毎年、4月から5月にかけて主な国内製薬メーカー各社から決算発表がされます。
決算書を見たことがない、という方は少ないと思いますが、見てもよく分からない、数字の羅列に見えて苦手という方も多いのではないでしょうか。

今回はその決算書を読み解く…とすると、複数の本ができるほど長くなりますので、まずはざっくりとしたイメージを持っていただくことで、自社や業界、また得意先の経営状態を理解する一助となればと思います。
(ですので、基本中の基本の部分を取り上げます。)

決算書の中でも、特に押さえておきたいのは財務三表といわれるものです。
1.損益計算書(PL:Profit and Loss statement)
2.貸借対照表(BS:Balance Sheet)
3.キャッシュフロー計算書(CF:Cash Flow)

1.損益計算書(PL)
基本的なしくみは、<稼ぎ-コスト=儲け>で、1年間の売上からコストを差し引き、どれだけ利益が出たかを示すものです。1年間の活動結果を表し、その会社の成績表ともいわれます。
損益計算書に示される5つの利益のなかでも、特に大切なのが「経常利益」。この数値は経常的な営業活動と財務活動を通じて、会社がどのくらい儲かっているのかを示しています。
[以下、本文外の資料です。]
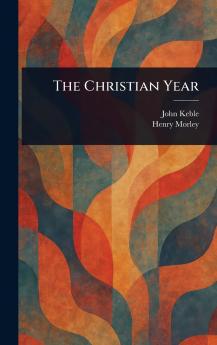 The Christian Year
また、製薬業界の特徴として、販売費及び一般管理費のところに研究開発費(R&D)が計上されていることが見受けられます。この数字が大きくなればなるほど、新薬の開発力が高いことは言わずもがなです。

2.貸借対照表(BS)
決算日における会社の財政状態について、どこからお金を調達し、何に使ったかを表したもの。個人に置き換えると、借金したり(他人資本)働いたり(自己資本)して得たお金(総資本)を、どう使ったか(モノを買ったのか貯金したのかなど)を表したものとなります。
また、資産、負債については、1年以内に現金化できるかどうか、または返済・支払期限が来るかどうかで「流動」と「固定」に分け、5つの箱で見ます。
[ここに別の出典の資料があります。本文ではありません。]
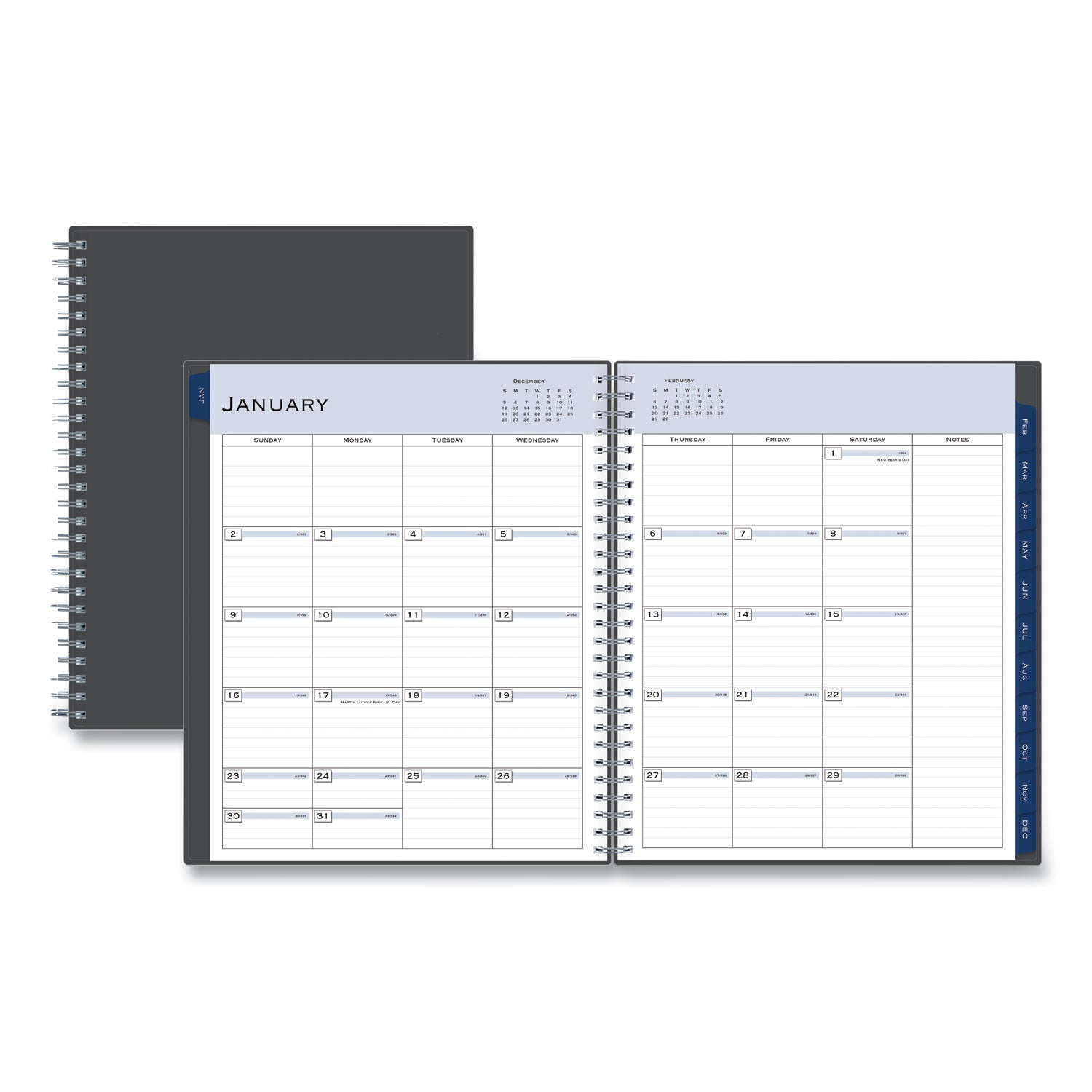 blue-sky-passages-monthly-planner-num-bls100011_1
貸借対照表では、経営の安定性を示す「自己資本比率」に注目します。
自己資本比率=自己資本(返済不要の資本)÷総資本(自己資本+他人資本)

一般的に倒産しにくい会社の目安は、自己資本比率40%以上といわれ、TKC経営指標のデータによると黒字企業で27%、赤字企業で-4%とされています。

3.キャッシュフロー計算書(CF)
会社の1年間の現金(キャッシュ)の出入りを3つに分類して表したもので、家計簿によく似ています。期首にいくらのキャッシュがあって、期末にいくらのキャッシュが残っているか(残高)を示しています。
CFでは、下記の3つのバランスを見ます。
・営業活動によるキャッシュフロー
 本業である企業活動による現金の増減。通常はプラスになる。
・投資活動によるキャッシュフロー
 投資による現金の増減。積極的に投資を行っている場合はマイナスになる。
・財務活動によるキャッシュフロー
 借入や返済による現金の増減。資金調達が多いとプラスに、借入金返済、社債の返還等が多いとマイナスになる。
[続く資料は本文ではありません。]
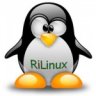 RiLinux
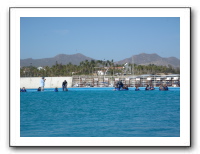 Cabo 06 157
商品やサービスの提供と、その売上代金の回収には時間差があります。つまり、どんなにたくさん売上をあげても、その回収に時間がかかって手元のキャッシュが増えなければ、商品の仕入代金の支払いや、借金の返済が滞り、さらに資金を借り入れなくてはならず、会社の資金繰りは苦しくなってしまいます。
キャッシュフロー計算書からはこのような危険を読み取ることが可能です。

この財務3表を関連付けるとこのようになります。それぞれの役割は異なりますが、記載される数値は互いに連動するため、これらを全体的にみることで会社が儲かっているかどうか、成長性がどうかなどを、より的確に判断することが可能になります。

出典:「財務3表一体理解法」、朝日新書、國貞 克則 著

出典:「財務3表一体理解法」、朝日新書、國貞 克則 著

ここに記したものは、ほんのさわり程度ですが、日々の活動はもとより、今後のキャリアを考えるときや、将来の資産形成を考えるときにもお役立ていただけるかと思います。
ぜひ、気になる企業のIR情報(Investor Relations, 投資家情報)をチェックしてみてください。